Background: Multiple new diagnostic bronchoscopic technologies are available, but little is known about their comparative performance and specific yield when adjusted for location of lesions, target size, and diagnosis. We present a multi-institutional prospective-outcomes database to assess diagnostic yields of advanced bronchoscopic procedures, as well as related morbidity and mortality. Methods: Data were extracted and reviewed from an ongoing, paper-based, prospective, multiinstitutional outcomes database for advanced diagnostic bronchoscopic procedures. All consecutive eligible patients are entered into this database, and information on demographics, procedure, and lesion characteristics as well as complications were documented. Descriptive statistical analyses were performed.

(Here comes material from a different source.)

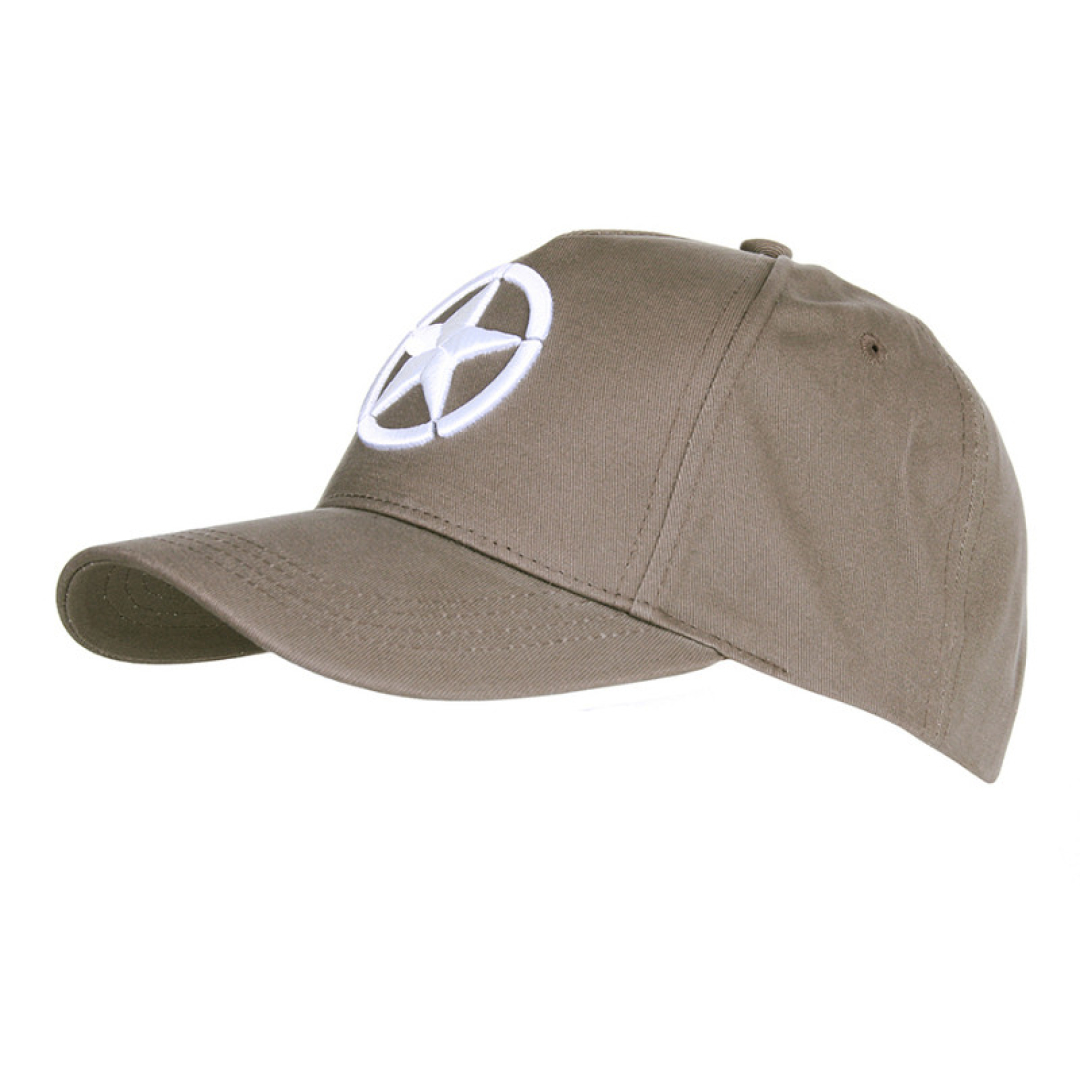 Baseball cap Allied Star WW2 3D. Diverse kleuren - Afbeelding 2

Results: A total of 310 diagnostic procedures were performed over a 1-year period in four institutions by 15 different clinicians. The majority of the patients were white (66%), male (56%), former smokers (55%), with a mean age of 61 ± 14 years. The average procedure time was 36 min, and the most common procedure was transbronchial needle aspiration (TBNA) (n = 198). Nodal tissue was obtained in 82.3% from TBNA sampling with a mean of three passes using endobronchial ultrasound guidance with a 22-gauge needle and mostly without on-site cytology. The overall diagnostic yield for all procedures was 75%. There were few complications, and none required a change in disposition. Conclusions: Prospective and ongoing data analysis for bronchoscopic procedures is feasible and valuable. Lesion-adjusted diagnostic yields can be documented and potentially used for comparative assessment of different technologies and operators, as well as benchmarking and quality improvement initiatives. Extending the number of participating centers and web-based submission to minimize missing data components are the next, already-initiated steps.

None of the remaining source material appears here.